- Goal of the exercise:
Begin with the line containing "Carte Postale *~*" and copy each line exactly through the last line of the entries, inclusive.

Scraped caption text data
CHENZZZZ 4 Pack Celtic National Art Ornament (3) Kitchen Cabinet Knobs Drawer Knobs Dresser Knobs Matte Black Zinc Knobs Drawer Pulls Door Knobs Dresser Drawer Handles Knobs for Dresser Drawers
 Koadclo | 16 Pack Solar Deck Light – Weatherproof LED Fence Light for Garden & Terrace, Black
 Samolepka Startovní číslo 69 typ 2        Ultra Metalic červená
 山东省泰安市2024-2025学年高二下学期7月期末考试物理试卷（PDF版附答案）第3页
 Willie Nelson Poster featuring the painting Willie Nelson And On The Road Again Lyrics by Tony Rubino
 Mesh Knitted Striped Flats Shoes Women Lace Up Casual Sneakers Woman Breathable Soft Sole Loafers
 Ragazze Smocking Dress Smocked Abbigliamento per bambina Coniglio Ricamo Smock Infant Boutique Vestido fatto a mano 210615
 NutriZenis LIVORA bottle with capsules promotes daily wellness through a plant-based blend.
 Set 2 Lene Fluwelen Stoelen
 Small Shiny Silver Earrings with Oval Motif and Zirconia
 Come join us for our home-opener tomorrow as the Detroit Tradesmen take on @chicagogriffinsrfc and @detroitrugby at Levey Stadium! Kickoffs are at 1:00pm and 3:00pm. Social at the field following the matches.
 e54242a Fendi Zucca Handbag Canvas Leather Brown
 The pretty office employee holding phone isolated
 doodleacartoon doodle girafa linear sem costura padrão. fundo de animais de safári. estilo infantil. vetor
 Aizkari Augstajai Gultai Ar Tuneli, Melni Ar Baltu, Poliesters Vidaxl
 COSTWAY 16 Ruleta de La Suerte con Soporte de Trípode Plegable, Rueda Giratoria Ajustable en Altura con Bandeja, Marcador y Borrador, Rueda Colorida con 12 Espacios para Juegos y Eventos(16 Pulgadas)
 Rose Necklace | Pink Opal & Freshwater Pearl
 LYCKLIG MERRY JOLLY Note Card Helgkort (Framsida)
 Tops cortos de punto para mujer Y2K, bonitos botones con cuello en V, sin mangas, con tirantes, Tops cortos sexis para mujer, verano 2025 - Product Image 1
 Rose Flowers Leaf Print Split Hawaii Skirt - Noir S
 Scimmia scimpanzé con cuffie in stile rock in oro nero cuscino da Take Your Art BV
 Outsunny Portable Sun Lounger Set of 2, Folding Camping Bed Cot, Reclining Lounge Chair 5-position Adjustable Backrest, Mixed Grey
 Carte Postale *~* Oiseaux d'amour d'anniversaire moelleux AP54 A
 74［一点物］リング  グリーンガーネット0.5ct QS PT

- Answer below:
 Carte Postale *~* Oiseaux d'amour d'anniversaire moelleux AP54 A
 74［一点物］リング  グリーンガーネット0.5ct QS PT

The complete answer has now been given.